Woodrow Wilson Fellows to visit Bates

Noted scholars Montague and Sally Yudelman, sharing a Woodrow Wilson Visiting Fellows residency at Bates College for the week of Oct. 20-24, will deliver two lectures which the public is invited to attend free of charge.

Sally Yudelman will discuss Human Rights and United States – Latin American Relations: A Changing Agenda at 7:30 p.m. Oct. 22, in the Edmund S. Muskie Archives, 70 Campus Ave. Montague Yudelman will speak about Population, Hunger, and Agricultural Resource Development in the Third World at 4 p.m. Oct. 23, in Room 204 of Carnegie Science Hall, 44 Campus Ave.

During their week-long residence at Bates, the Yudelmans will lecture, participate in seminars, and work with individual students and faculty members.

Sally Yudelman has been a senior fellow at the International Center for Research on Women since 1987 and became a joint fellow at the Overseas Development Council’s International Center for Research on Women in 1985.

In addition, she began a long association with the Inter-American Foundation in Rosslyn, Va., as a planning officer, and established contact with Non-Governmental Organizations in Latin American countries, encouraging them to apply for grants.

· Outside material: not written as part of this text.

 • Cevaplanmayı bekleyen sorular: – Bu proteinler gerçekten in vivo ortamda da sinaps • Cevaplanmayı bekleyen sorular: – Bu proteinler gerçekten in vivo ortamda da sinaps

She monitored projects that were funded and established liaison with national and U.S. governmental personnel, and with relevant private and international organizations.

Yudelman was a program officer at the World Affairs Council of Northern California from 1955-61, at the Women’s Africa Committee of the African- American Institute in Washington D.C. from 1961-62 and at the Overseas Education Fund from 1962-65. She later served as regional program and planning officer for Latin America and the Caribbean Peace Corps from 1965-68 and as an instructor in macroeconomics at the Universite de Paris from 1969-72.

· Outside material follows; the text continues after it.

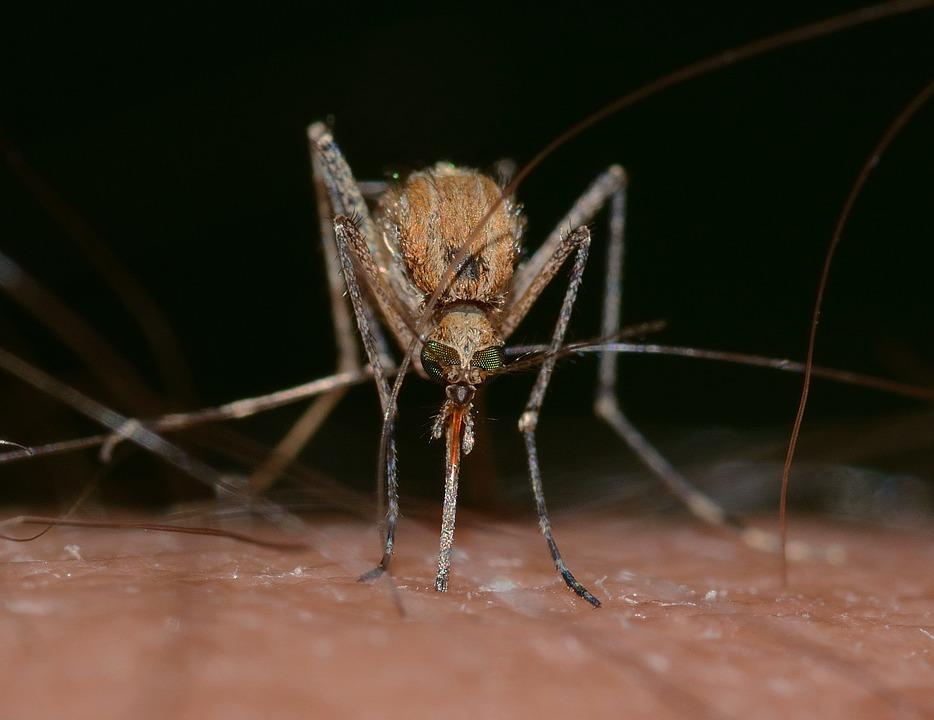 Ţânţari purtători de virus West Nile, depistaţi în Capitală. Autoritățile sunt în alertă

Yudelman received her bachelor’s in literature and Spanish from Vassar College, studied at the University of Michigan, and received a diplome from the International Institute in Paris.

An American citizen born in South Africa, Montague Yudelman has been involved in research, teaching, advising and directing efforts in agricultural development and related fields. He has undertaken many missions, including economic evaluations of projects in different parts of the world, including Cyprus, the Philippines and sub-Saharan Africa.

His career has included time at the Food and Agricultural Organization as assistant director for social sciences at the Rockefeller Foundation working on the economics of the new varieties of grain, and as vice president and acting president of the OECD Development Center in Paris, directing research on the economics of employment in agriculture.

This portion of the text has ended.